无论如何,文学涂上我的宗教图画的色彩,就像政界保留我的作品中关于国家的用语一样:《按宪章建立的君主政体》是我们的代议制政府的基础,而我关于“保守派”、“精神利益和物质利益”的文章使这两种说法成了政治术语。
有些作家模仿《阿达拉》和《勒内》,就像讲道者借用我的关于传教士和基督教的恩惠的故事一样。一些段落里,我证明:我们将异教的圣灵从树林中赶出来,我们在扩大信仰同时,也使大自然回复到孤寂之中;有些段落里,我议论了我们的宗教对我们的观察和描绘方式的影响;有些段落里,我探讨诗和雄辩术中发生的变化;有些章节,我研究古代戏剧中引进的外国感情包含新批评的萌芽。就像我说过的,拉辛的人物既是,也不是希腊人物;他们是信奉基督教的人物:这是人们完全没有理解的东西。
如果《基督教真谛》的后果,仅仅是对人们认为造成革命所带来的苦难的一些学说的反动,那么,这种后果随着起因的消失本来应该不复存在;它不可能一直延续到我写书的时候。但是《基督教真谛》对舆论的影响不只是人们声称已经被埋葬的宗教的暂时复活:一种更加持久的变化发生了。如果说作品的文笔焕然一新的话,还有教义的变化;实质和形式同样都变了;无神论或唯物论不再是年轻人信仰或不信仰的基础;上帝和灵魂不死的观念重新占上风:从那时起,在互相联系的观念的链条中变化发生了。人们不再因为反对宗教偏见而固定在他的位置上—成不变;人们不再认为自己必须被哲学的头带包裹着,充当虚无的木乃伊;人们胆敢审视任何体系,甚至是基督教的体系,无论人们觉得它如何荒谬。
除了回应牧师召唤的信徒,由于自由思考的权利,其他信徒也出现了。你将上帝当作本原吧,圣言会接踵而来:儿子必定出自父亲。

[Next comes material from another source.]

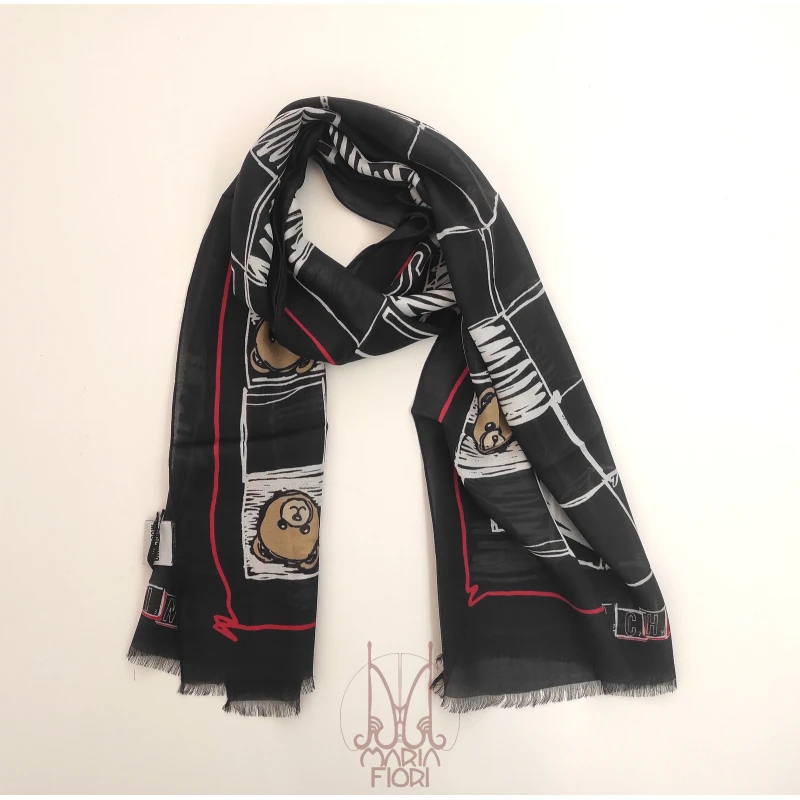 MOSCHINO Sciarpa Modal-Cashmire Toy 45x150 Nero multi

各种抽象组合不过是用更加无法理解的奥义取代基督教的奥义:泛神论有三四种,而且人们如今时兴将其归因于开明的智慧,其实泛神论是东方幻想中最荒唐的一种,由斯宾诺莎重新阐明:这方面,只需读读怀疑论者贝勒有关那位阿姆斯特丹犹太人的文章。某些人谈论这一切时,使用不容置辩的腔调,如果不是来自研究的欠缺,这令人感到愤慨:他们使用一些自己也不懂的词,还以出类拔萃的天才自诩。但愿人们明白,阿贝拉耳、圣贝尔纳、圣人,圣托马斯?德?阿甘诸圣人,为了推广形而上学,带来了我们无法接近的超级智慧;各种圣西门系统、法伦斯太尔系统、傅立叶系统已经被各种异端发现和运用,人们向我们提供的当作进步和发明的东西,是一千五百年以来在希腊学校和中世纪学堂里用滥了的陈旧货色。糟糕的是,头一批宗派分子未能创建他们的新柏拉图主义共和国,而伽利昂答应普劳丹在坎帕尼亚进行这种试验。以后,人们犯了严重错误,烧死宗派分子,那时他们想建立共同财产,并提出一个女人不能拒绝一个男人以耶稣基督的名义要求同她苟合,因此宣告卖淫是神圣的。他们说,为了实现这种结合,只需消灭她的灵魂,并且将它暂时寄放在上帝怀中。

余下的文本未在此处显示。